In a city at war with the car, there’s plenty of competition. Lambeth has hiked the cost of residents’ parking permits by as much as 400 per cent, Islington has installed wavy kerbs to deter drivers and more than half of Hackney is covered by Low-Traffic Neighbourhoods (LTNs). But Labour-run Hammersmith and Fulham, in west London, must surely have a claim to being London’s most anti-car borough.
Not content with raking in £11.8 million in a year from drivers breaching the ‘South Fulham Clean Air Neighbourhood’ that has left local businesses losing money, the council recently created one of Britain’s smallest LTNs – a 350ft stretch that critics have warned could lead to as many as 3,200 drivers being fined per day due to a ‘visual cacophony’ of confusing signs. Last year, it emerged that just one box junction in Hammersmith brought in £2.7 million a year from penalty charges, with the RAC claiming the hatched area had been deliberately enlarged to catch more drivers. Meanwhile, a report from Transport for London in 2023 ‘revealed’ what anyone who lives in the area knew already, which is that a £1.6 million cycle lane in the centre of Hammersmith has led to ‘congestion and queueing’ and caused ‘traffic mayhem every time a bus stops’ by making it impossible for other vehicles to go around it.
But its latest anti-car measure is perhaps the most insidious. Last week, the council quietly brought in its first rise to residents’ parking permit charges since 2012. Permit-holders weren’t notified directly, but the council website declared: ‘Instead of a flat rate for all vehicles, the council has introduced seven emissions-based bands. The least polluting cars will now have the lowest parking permit price.’ Our mid-sized family car falls into Band 4, with an annual cost of £230 – almost double last year’s fee of £119. Residents have started a petition, objecting that the increases far exceed inflation and that those affected have not been adequately informed or consulted.
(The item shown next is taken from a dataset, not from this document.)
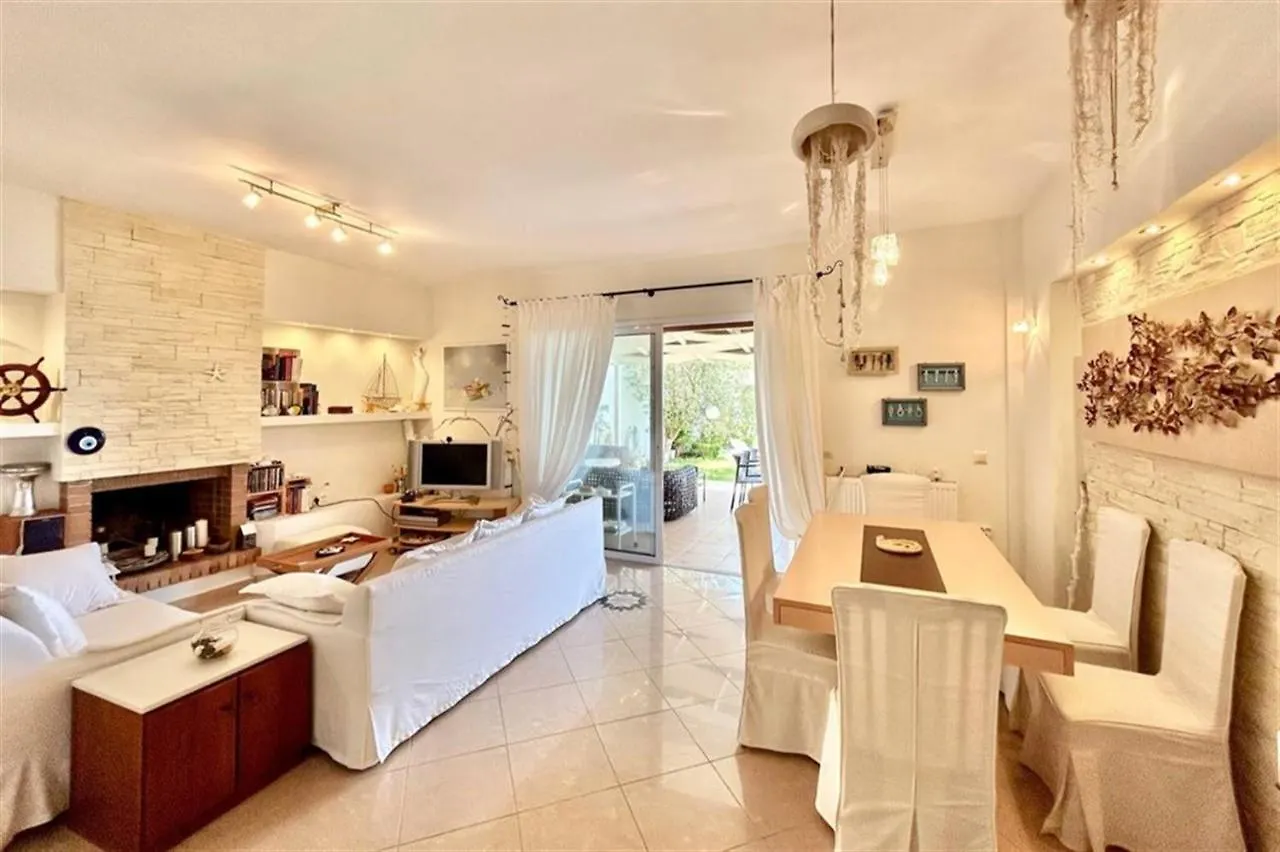 Toula Villa On The Beach Fourka 3 Bedrooms 7 Guests Skála Foúrkas 0*,  Grecja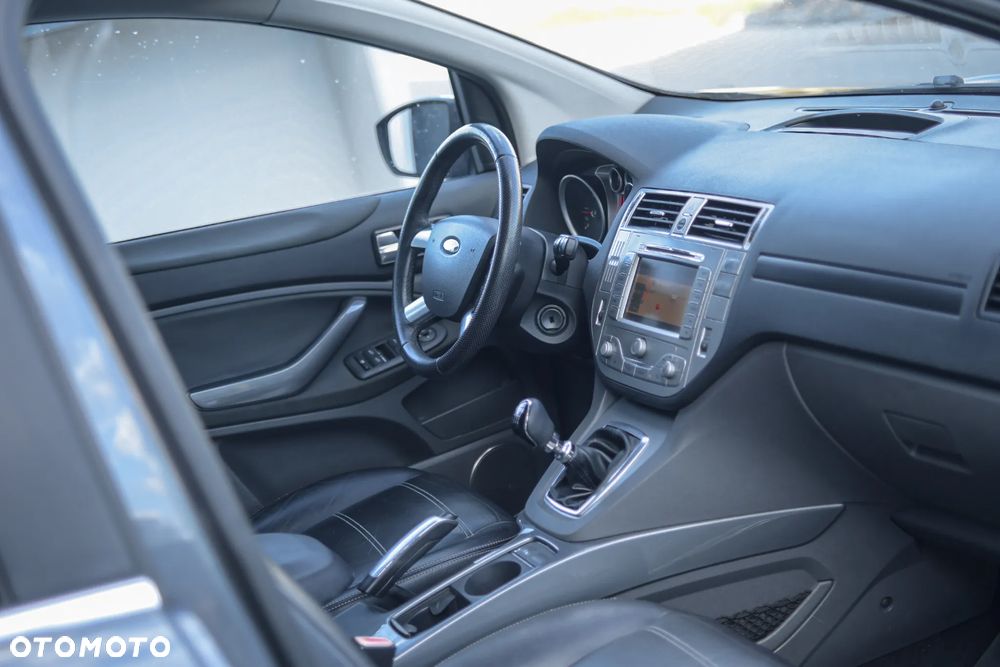 Ford Kuga 2.0 TDCi Titanium - 11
The charges, the council says, ‘reflect vehicle emissions to address dangerous levels of air pollution’. But look a little closer and you’ll find something curious: ‘For the first time, drivers of electric and hybrid vehicles will pay for parking permits.’ In fact, owners of electric cars with a CO2 emission rating of 0g/km will now pay £125 for a year’s permit – more than petrol car owners were paying last year. (In the neighbouring borough of Hounslow, which is also introducing emissions-based parking charges this month, owners of a zero-emissions car will pay less than half this much.)
If the price hike was really about tackling pollution, wouldn’t zero-emissions vehicles have remained exempt? The council has an answer for that: ‘Even the cleanest vehicles cause pollution through dangerous particle emissions from tyre and brake wear, and during the manufacturing process.’ But by stinging the owners of the lowest emitting vehicles with the biggest percentage increase in permit costs, it makes the argument that it’s all for the sake of the environment ring hollow. While the borough says it’s ‘committed to encouraging residents in the transition from high polluting petrol and diesel vehicles to cleaner electric vehicles’, it’s just made it a lot more expensive to do so. It’s starting to look like the changes are more about waging war on cars than protecting the planet.
If the price hike was really about tackling pollution, wouldn’t zero-emissions vehicles have remained exempt?
The borough’s hourly on-street parking charges also moved to an emissions-based tariff last week, with the fee for parking that same mid-sized family car rising by nearly 30 per cent – from £3.50 an hour to £4.50. So keen is the council to keep its residents out of their cars that this is slapped not just on visitors, but permit-holders who stray outside their designated parking zone, of which there are more than 30 in Hammersmith and Fulham. (In neighbouring Kensington and Chelsea, by contrast, a residents’ permit entitles you to park anywhere in the borough.)
The Telegraph revealed last year that H&F’s own parking strategy report discussed plans to use parking charges to ‘influence… whether someone owns a car’. By packaging these price hikes as an environmental necessity, it seems they’re greenwashing what amounts to little more than a plan to get us all to give up on our cars altogether.
Still, the council is offering a solution of sorts for those who need to get somewhere that can’t be reached by public transport: hop in a bright yellow golf buggy. Ten of the £7,000 Yo-Go electric buggies have just been made available to hire in Fulham, with the fleet soon due to rise to 50. There might be nowhere to stash your luggage, no car seats for the kids, no room for the dog and little protection from the weather, and they’re made in China so you’ll have to grapple with a left-hand drive – but at least you won’t have to pay for parking.